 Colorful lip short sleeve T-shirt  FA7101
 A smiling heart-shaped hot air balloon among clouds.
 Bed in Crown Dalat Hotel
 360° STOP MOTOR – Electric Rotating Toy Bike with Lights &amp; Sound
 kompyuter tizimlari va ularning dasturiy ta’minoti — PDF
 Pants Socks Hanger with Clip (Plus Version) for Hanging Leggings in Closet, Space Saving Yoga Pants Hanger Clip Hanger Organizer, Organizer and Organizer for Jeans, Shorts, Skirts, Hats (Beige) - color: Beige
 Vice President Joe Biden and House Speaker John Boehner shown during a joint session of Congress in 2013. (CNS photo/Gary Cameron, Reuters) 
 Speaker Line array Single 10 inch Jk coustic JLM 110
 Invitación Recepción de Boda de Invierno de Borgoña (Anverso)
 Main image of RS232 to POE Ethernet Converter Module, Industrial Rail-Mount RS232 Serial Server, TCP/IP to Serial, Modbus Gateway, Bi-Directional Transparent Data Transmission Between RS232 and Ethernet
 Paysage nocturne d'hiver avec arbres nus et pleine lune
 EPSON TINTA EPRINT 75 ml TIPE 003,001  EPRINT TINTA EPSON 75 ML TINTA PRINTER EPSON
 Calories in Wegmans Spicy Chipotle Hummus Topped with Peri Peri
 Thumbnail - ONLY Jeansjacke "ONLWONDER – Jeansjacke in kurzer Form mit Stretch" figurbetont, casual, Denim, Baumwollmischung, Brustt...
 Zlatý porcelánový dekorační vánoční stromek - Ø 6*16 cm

==========

EXERCISE AIM |
Produce the material above again, word for word.

TASK ANSWER |
 Colorful lip short sleeve T-shirt  FA7101
 A smiling heart-shaped hot air balloon among clouds.
 Bed in Crown Dalat Hotel
 360° STOP MOTOR – Electric Rotating Toy Bike with Lights &amp; Sound
 kompyuter tizimlari va ularning dasturiy ta’minoti — PDF
 Pants Socks Hanger with Clip (Plus Version) for Hanging Leggings in Closet, Space Saving Yoga Pants Hanger Clip Hanger Organizer, Organizer and Organizer for Jeans, Shorts, Skirts, Hats (Beige) - color: Beige
 Vice President Joe Biden and House Speaker John Boehner shown during a joint session of Congress in 2013. (CNS photo/Gary Cameron, Reuters) 
 Speaker Line array Single 10 inch Jk coustic JLM 110
 Invitación Recepción de Boda de Invierno de Borgoña (Anverso)
 Main image of RS232 to POE Ethernet Converter Module, Industrial Rail-Mount RS232 Serial Server, TCP/IP to Serial, Modbus Gateway, Bi-Directional Transparent Data Transmission Between RS232 and Ethernet
 Paysage nocturne d'hiver avec arbres nus et pleine lune
 EPSON TINTA EPRINT 75 ml TIPE 003,001  EPRINT TINTA EPSON 75 ML TINTA PRINTER EPSON
 Calories in Wegmans Spicy Chipotle Hummus Topped with Peri Peri
 Thumbnail - ONLY Jeansjacke "ONLWONDER – Jeansjacke in kurzer Form mit Stretch" figurbetont, casual, Denim, Baumwollmischung, Brustt...
 Zlatý porcelánový dekorační vánoční stromek - Ø 6*16 cm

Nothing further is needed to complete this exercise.